What you'd need would be some downloader that allows you to say:

$webclient->add_links( $xpath_expression ); # or
$webclient->add_links( $css_selector );

It shouldn't be too difficult to cobble something together using Perl, LWP and XML::LibXML (HTML parser), but maybe you know of a tool that allows you to do just that so I don't need to reinvent it.
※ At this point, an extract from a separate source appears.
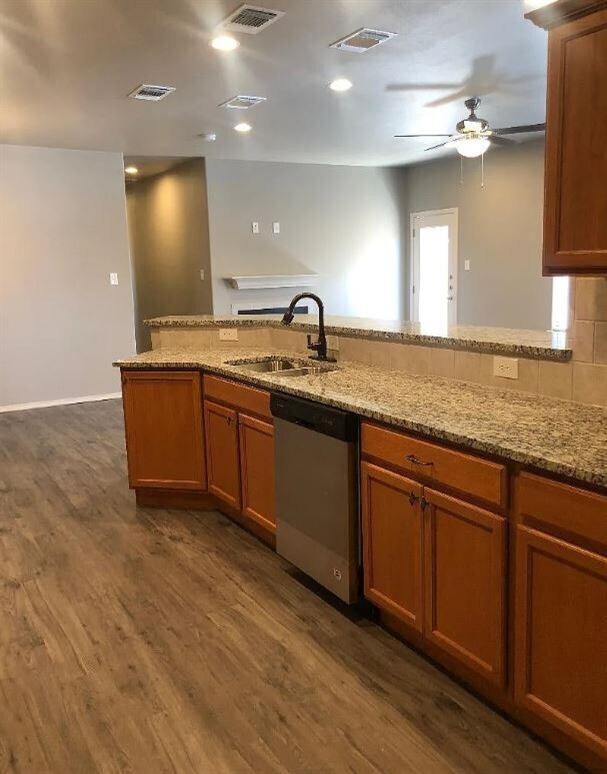 Building Photo - 1203 Preston Trails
It doesn't have to be Perl, any other language is fine, too, and so is a ready-made program that has the flexibility required for this job.

Community
  • 1
  • 1
Lumi
  • 14,775
  • 8
  • 59
  • 92
  • 1
    You seem to have forgotten to ask a question. – ikegami Apr 09 '12 at 18:33
  • 1
    @ikegami - Being precise, or dense, eh? I wrote "maybe you know of a tool that allows you to do just that", but I admit I forgot the question mark. – Lumi Apr 09 '12 at 19:10
  • No, there is no no existing tool that matches your extremely precise custom requirements, and you know that. But yeah, I am being dense. I an intentionally ignoring the only question I do hear ("Can you write my code for me?") for your benefit. – ikegami Apr 10 '12 at 04:10
  • @ikegami - "I an intentionally ignoring the only question I do hear ("Can you write my code for me?") for your benefit." - Consider that the questions we *hear* (but which aren't there) might be a consequence of our outlook on life. But then, everyone can just have a bad day or a bad week. Cheers. – Lumi Apr 10 '12 at 13:59

3 Answers3

2

Check out the find_link function (and siblings) from WWW::Mechanize. It can use arbitrary criteria to find links including the "id" and "class" attributes.

benrifkah
  • 1,526
  • 14
  • 31
  • I realize that this doesn't use XPath or CSS selectors but you may not need them to get the job done. – benrifkah Apr 09 '12 at 16:22
  • Thanks, `WWW::Mechanize` was the first thing I looked at. Unfortunately, its link spec does not take the position of the link in the DOM into account; it only looks at the link tag and doesn't have any information concerning the tag's place in the doc. It uses [HTML::Parser](https://metacpan.org/module/HTML::Parser), which doesn't build a DOM, so the info I need is not there. Thanks anyway. – Lumi Apr 09 '12 at 17:08
  • I considered that but it wasn't 100% clear to me without a sample of the HTML that you needed to restrict the link search to subsets of the DOM. Check out the [script Adam Gotch made](http://perlbuzz.com/2011/11/finding-a-lost-dogs-owner-with-perl-and-wwwmechanize.html) to combine WWW::Mechanize with [HTML::TreeBuilder::XPath](https://metacpan.org/module/HTML::TreeBuilder::XPath) – benrifkah Apr 09 '12 at 17:31
2

Mojo::UserAgent returns stuff that understands CSS3 selectors or XPath. For instance, I just showed an example in Painless RSS processing with Mojo. I'm really enjoying this new(ish) web client stuff. Most everything I want is already there (no additional modules) and it's integrated very well.

brian d foy
  • 129,424
  • 31
  • 207
  • 592
  • Thanks - hadn't thought of using `Mojo::UserAgent` in a standalone fashion. But yes, why not? – Lumi Apr 10 '12 at 14:01
1

This might get you started in the right direction or lead you astray. Note that I first saved the page to a local file so as not to constantly download it while I was working on it.

#!/usr/bin/env perl

use strict;
use warnings;

use HTML::TreeBuilder::XPath;

my $tree = HTML::TreeBuilder::XPath->new;

$tree->parse_file('nmake-ref.html');

my @links = map { { $_->as_text => $_->attr('href') } }
            $tree->findnodes(q{//div[@class='sectionblock']/*/a});

for my $link (@links) {
    my ($entry, $url) = %{ $link };
    ($link->{ file } = "$entry.html" ) =~ s/[^A-Za-z_0-9.]+/_/g;
    system wget => qq{'$url'}, '-O', $link->{ file };
}
Sinan Ünür
  • 116,958
  • 15
  • 196
  • 339